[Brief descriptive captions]

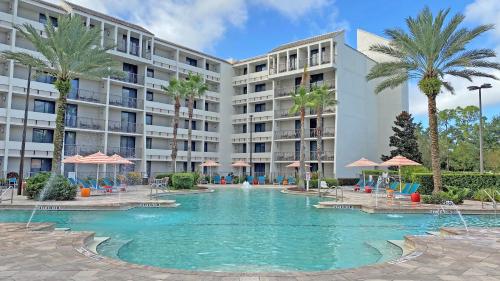 een zwembad voor een groot gebouw bij Holiday Inn Orlando – Disney Springs™ Area, an IHG Hotel in Orlando
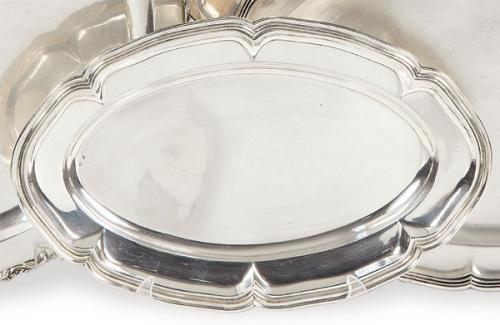  Bandeja oval de servir de plata española punzonada 1ª Ley.
Con borde ondulado.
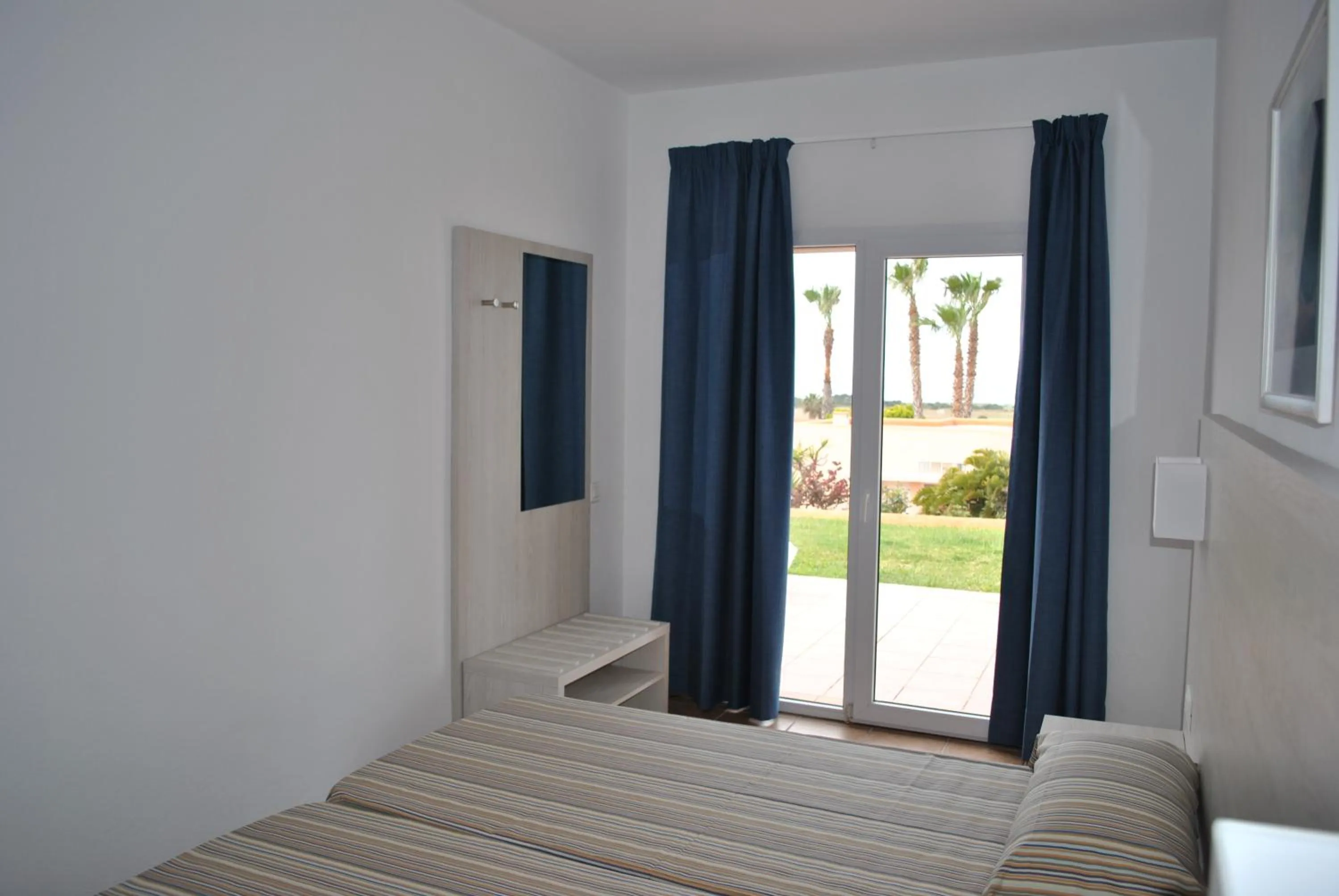 Bedroom, Bed in Apartamentos Mar Blau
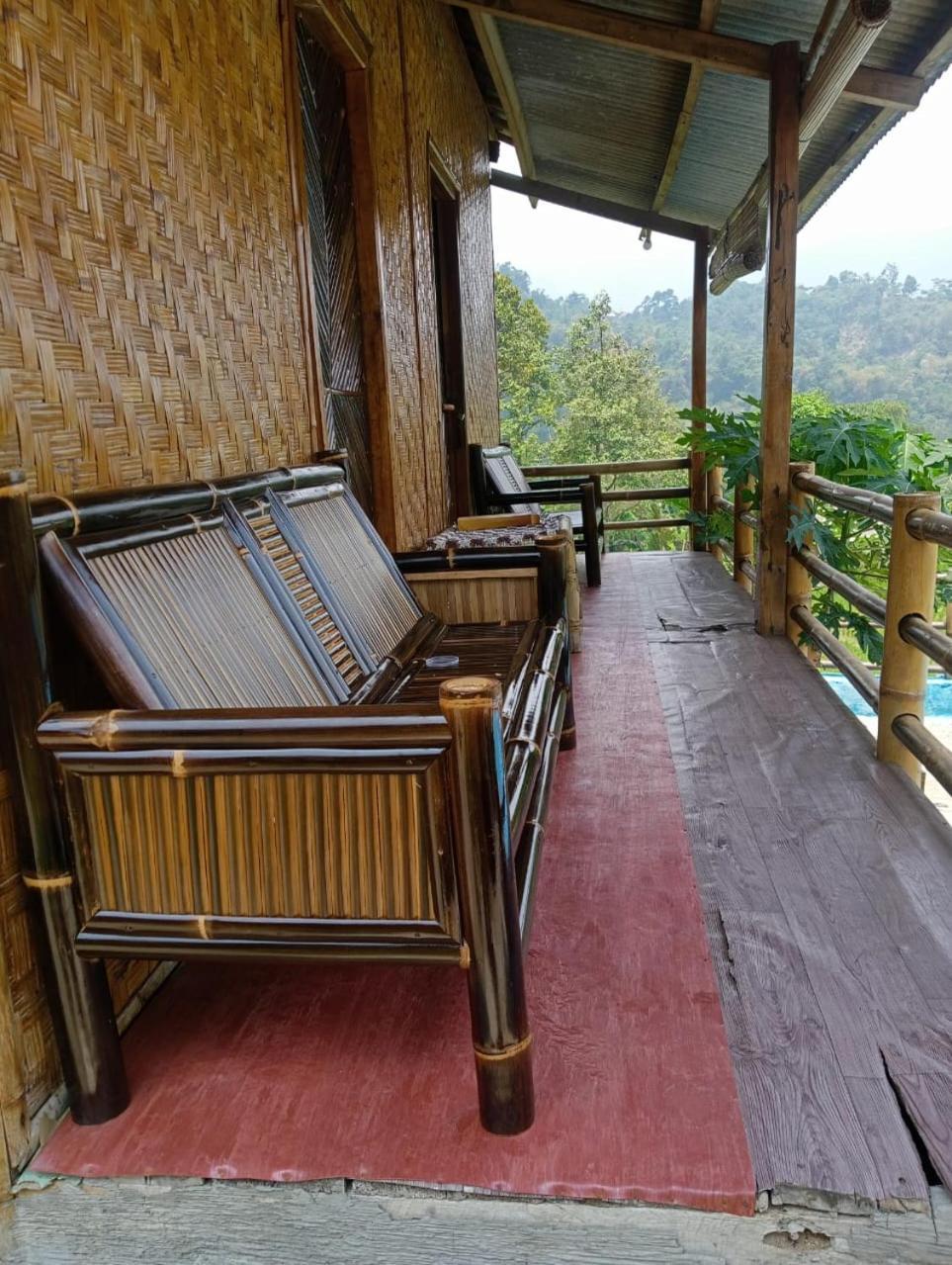 De Salak Homestay Bogor Exterior photo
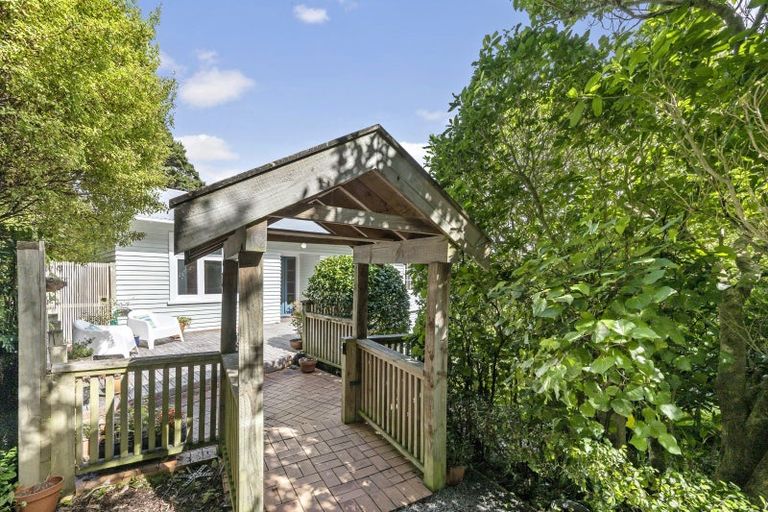 Photo of property in 16 Kowhai Street, Eastbourne, Lower Hutt, 5013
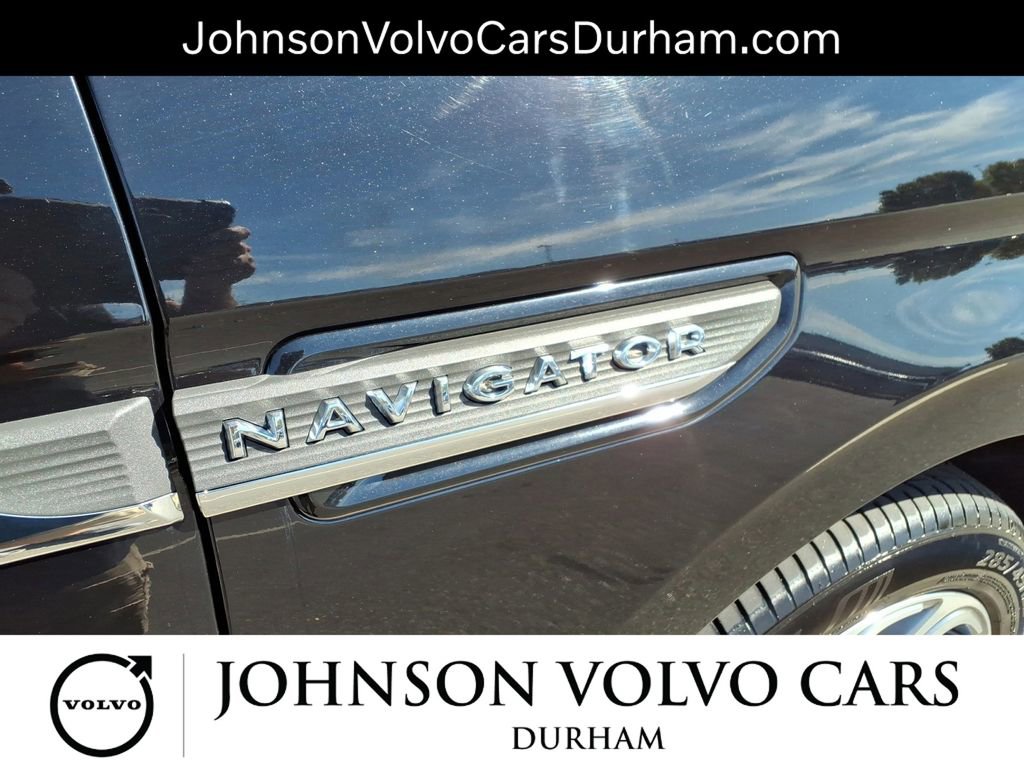 Used 2024 Lincoln Navigator L 4WD image 6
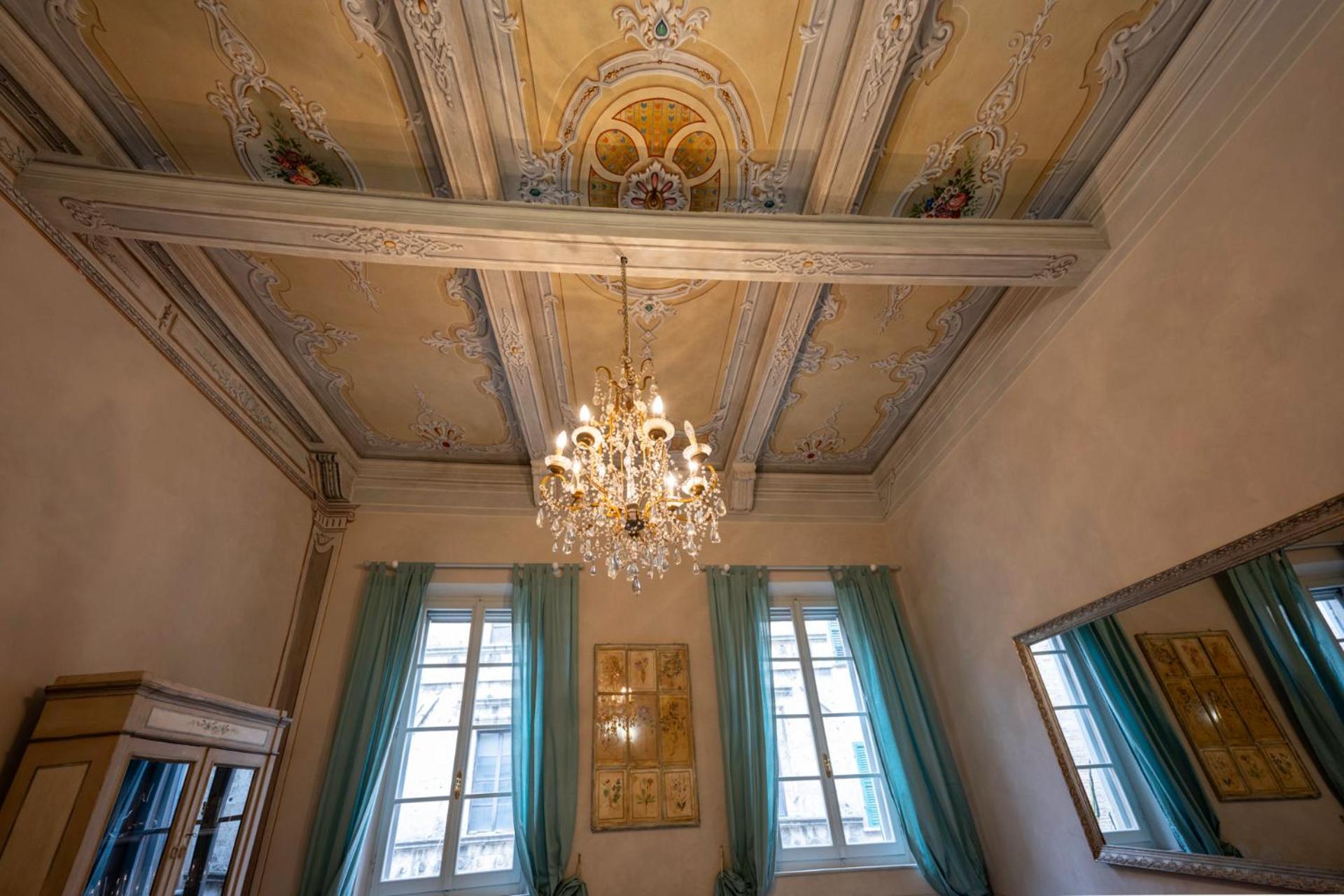 Tuscan Palace - Avignonesi Montepulciano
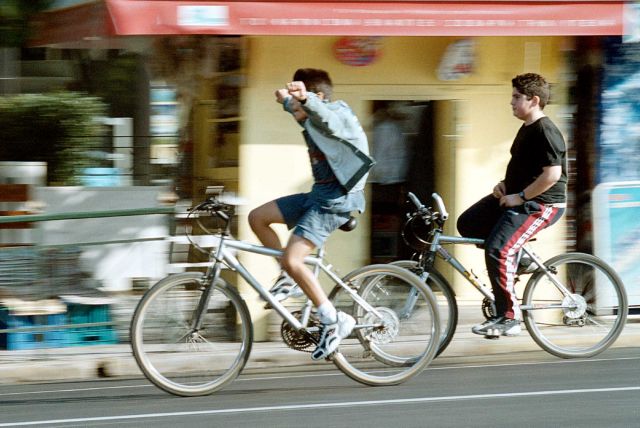 Bike Cities: Ποδηλατικές βόλτες στο κέντρο της Αθήνας από τη Στέγη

* [What is expected] Could you reproduce exactly the lines from the one containing "Photo of property" through the last line of the records, both included, leaving out the pictures?

* [Response to this task]
 Photo of property in 16 Kowhai Street, Eastbourne, Lower Hutt, 5013
 Used 2024 Lincoln Navigator L 4WD image 6
 Tuscan Palace - Avignonesi Montepulciano
 Bike Cities: Ποδηλατικές βόλτες στο κέντρο της Αθήνας από τη Στέγη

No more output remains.